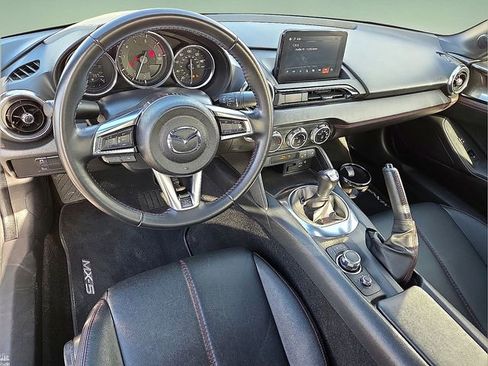 Used 2018 MAZDA MX-5 Miata Grand Touring image 13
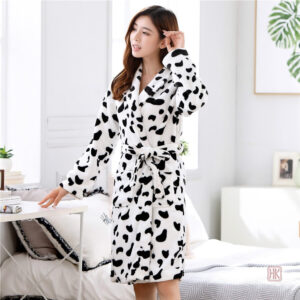 Kimono femme avec motifs monochromes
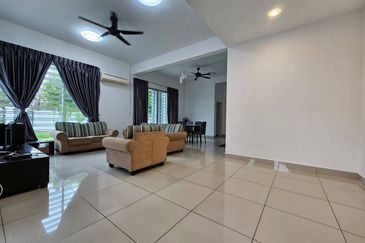 Horizon Hills @ The Greens Double Storey Superlink Corner For Sale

TASK ITEM =
Please provide a faithful transcription of all the data, pictures excluded.

OUTPUT =
 Used 2018 MAZDA MX-5 Miata Grand Touring image 13
 Kimono femme avec motifs monochromes
 Horizon Hills @ The Greens Double Storey Superlink Corner For Sale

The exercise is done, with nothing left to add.